Rate of deforestation

Over the course of the 20th century the forest cover of the Philippines dropped from 70 percent down to 20 percent.
In total, 46 species are endangered, and 4 were already eradicated completely. Only 3.2 percent of total rainforest has been left.
Based on an analysis of land use pattern maps and a road map an estimated 9.8 million hectares of forests were lost in the Philippines from 1934 to 1988.

Causes

According to scholar Jessica Mathews, short-sighted policies by the Filipino government have contributed to the high rate of deforestation:
The government regularly granted logging concessions of less than ten years. Since it takes 30–35 years for a second-growth forest to mature, loggers had no incentive to replant. Compounding the error, flat royalties encouraged the loggers to remove only the most valuable species. A horrendous 40 percent of the harvestable lumber never left the forests but, having been damaged in the logging, rotted or was burned in place.

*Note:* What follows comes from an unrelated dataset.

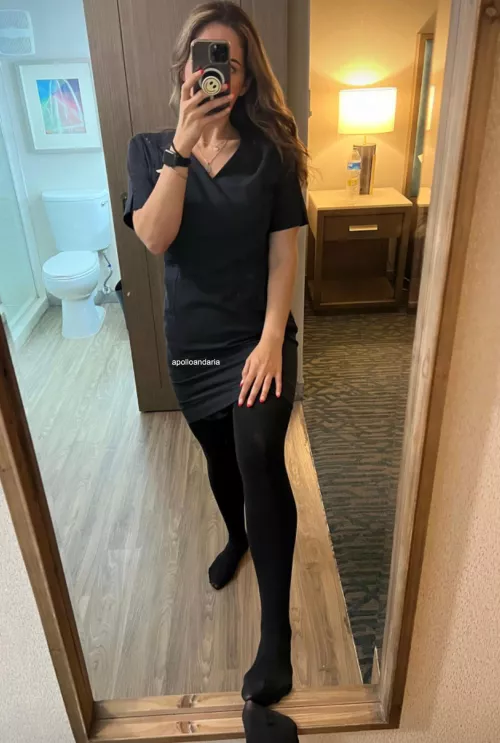 Before my flights hehe by apolloandaria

The unsurprising result of these and related policies is that out of 17 million hectares of closed forests that flourished early in the century only 1.2 million remain today.

Illegal logging

occurs in the Philippines and intensifies flood damage in some areas.

Conservation efforts

Government policies

On June 1977, President Ferdinand Marcos signed a law requiring the planting of one tree every month for five consecutive years by every citizen of the Philippines. The law, however, was repealed by President Corazon Aquino on July 1987, with the sole reason that the planting of trees "can be achieved without the compulsion and the penalties for non-compliance therewith as set forth in the Decree".
On September 2012, President Benigno Aquino III signed a law requiring all able-bodied citizens of the Philippines, who are at least 12 years of age, to plant one tree every year. Unfortunately, unlike Presidential Decree 1153, there is no provision in the law to enforce and monitor compliance to this requirement.
On May 2019, the House of Representatives of the Philippines has approved House Bill 8728, or the "Graduation Legacy for the Environment Act," principally authored by Magdalo Party-List Representative Gary Alejano and Cavite 2nd District Representative Strike Revilla, requiring all graduating elementary, high school, and college students to plant at least 10 trees each before they can graduate. The bill, however, has yet to be signed by the President.